Ощущение дежавю отчаянно не желает отпускать – он не растворяется в воздухе, оставляя после себя легкий налет где-то на периферии сознания. Сейчас это чувство отчаянно вопит где-то над самым ухом, заставляя раздраженно и как-то нервно передергивать плечами, заполняет собой все пространство, как какой-нибудь едкий удушающий газ, который затрудняет дыхание.
Первый порыв беспомощный и вполне закономерный – просто сжаться в комок где-нибудь в углу, обхватить колени руками и пробыть в таком положении лет сто, потому что воспоминания невыносимо давят на грудь, давят на плечи. От них закладывает уши, выворачивает наизнанку – Эбигейл делает глубокий вдох, но тот застревает где-то в солнечном сплетении, и ощущение такое, как будто бы ударили под дых со всей силы.
Но окружающая реальность вновь проступает из этого густого тумана воспоминаний и ощущений, как только в сознание проскальзывает чужой голос. Он не врывается резко и неожиданно, и потому от него становится как-то иррационально спокойно.
Сейчас страх отступает куда-то очень далеко – не на второй план и даже не на третий. Он даже не таится, как обычно, за углом, чтобы вылезти в самый (не)подходящий момент и снова поставить все верх дном.
Нет, Эбигейл не боится того, что кто-то посмеет ей навредить – уж точно не здесь. Она не боялась даже в тот момент, когда однажды услышала приглушенные звуки выстрелов – лишь слегка шевельнулось где-то внутри липкой тревогой, да и только. Теперь-то уж точно для страха нету вакантного места, ибо его вытеснили другие ощущения и чувства.
Вместо страха – почти спасительная пустота.
Вместо тревоги – почти безмятежное спокойствие, растекающееся по венам и заполняющее легкие, как гелий заполняет воздушный шарик.
Она – будто бы этот самый воздушный шарик без установленного срока годности. Но, кто знает, насколько еще этот шарик хватит. Эбигейл старается об этом не думать. По крайней мере, не слишком сильно.
Пониженную температуру в подвале она ощущает только лишь в тот момент, когда ладонь обжигает холод скальпеля. Она не привыкла держать его в руках – слишком тонкий, слишком изящный, и почему-то не верится, что тот сможет филигранно разрезать человеческую плоть, оставить на ней яркий росчерк – намного более яркий, чем оставляет кисть на белоснежном холсте.
Значит ли это, что Беверли Катц – ее холст? Эбигейл никогда не умела хорошо рисовать, но, может, не поздно научиться? До этого ей с легкостью давались лишь широкие и грубоватые мазки отцовского охотничьего ножа – теперь в ее руках инструмент, требующий гораздо более отточенных и выверенных движений.
В сознание вновь прорывается чужой голос, но она так и не может до конца определить, кому же тот принадлежит – доктору Лектеру или же ее покойному отцу, который захотел навестить ее в такой момент. Уже знакомое чувство дежавю снова слабо шевельнулось, но тут же затихло. А Эбигейл лишь молча кивает в ответ и делает глубокий вдох.

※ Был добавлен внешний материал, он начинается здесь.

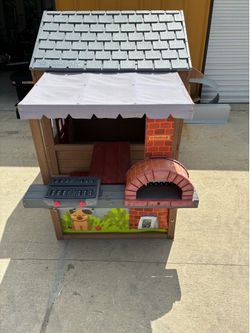 KidKraft Wooden Outdoor Playhouse with Play Kitchen, Grill & Activity Board - OBO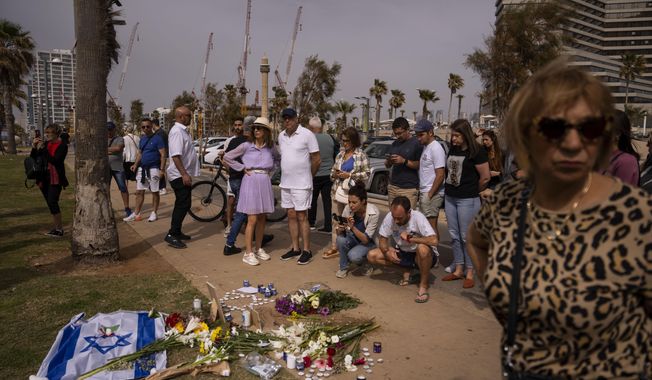 People gather and lay flowers at the site where Alessandro Parini, an Italian tourist, was killed in a Palestinian attack, in Tel Aviv, Israel, Saturday, April 8, 2023. Israeli authorities said an Italian tourist was killed and five other Italian and British citizens were wounded Friday when a car rammed into a group of tourists in Tel Aviv. (AP Photo/Oded Balilty)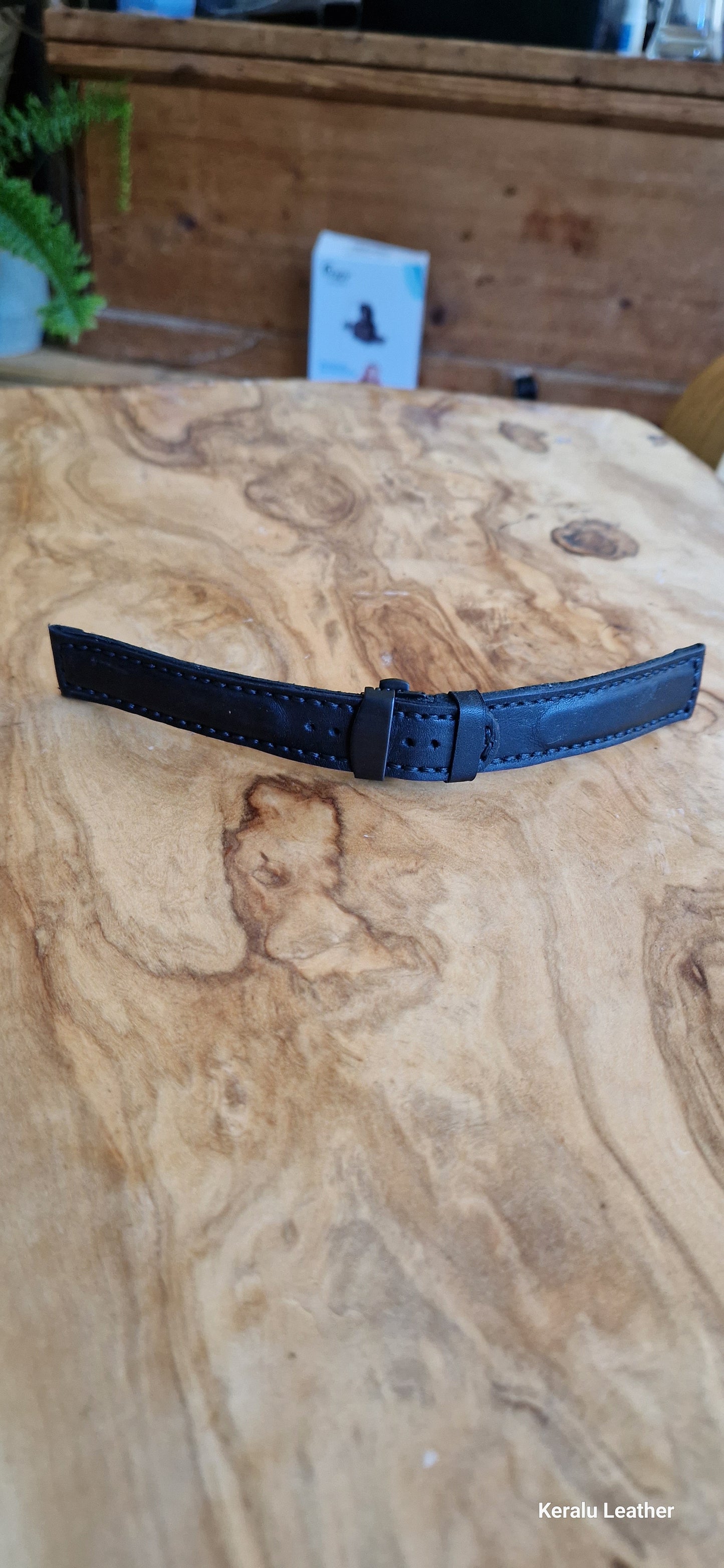 Watch strap with butterfly deployment clasp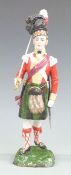Sitzendorf porcelain figure of a Seaforth Highlander 1815, 28cm tall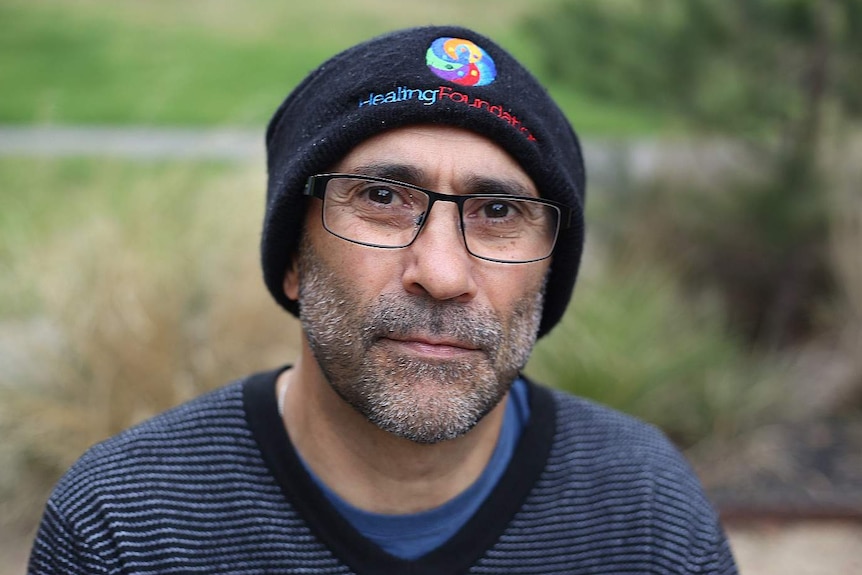 Ian Hamm, wearing a 'Healing Foundation' black beanie, looks contemplative as he sits in a park.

Перчатки облегают, как вторая кожа, но в них все равно непривычно – от них пахнет аптекой, а еще они тихо поскрипывают, и этот звук слегка раздражает. Металл скальпеля холодит кожу даже через латекс, но не так сильно, как без них. В конце концов, тот вскоре нагревается от контакта с пальцами.
Эбигейл знает, что на нее смотрят – смотрит – и она ощущает этот взгляд на себе, пусть тот даже и не слишком навязчивый. По крайней мере, с этим взглядом она чувствует себя немного более уверенно, и это не дает нервозности отдаваться в кончиках пальцев. Рука должна быть твердой.
Она удобнее перехватывает скальпель, склоняясь над телом – пара секунд тянется, как пара световых лет, и на бледном полотне кожи расцветает тонкий длинный надрез вдоль грудной клетки. Это не то же самое, что использовать нож, и вероятность повредить что-нибудь ненароком мала, но все же все равно есть.
Эбигейл медленно выдыхает, только сейчас замечая, что все это время задерживала дыхание, и поднимает взгляд на доктора Лектера, ожидая то ли дальнейших указаний, то ли одобрения.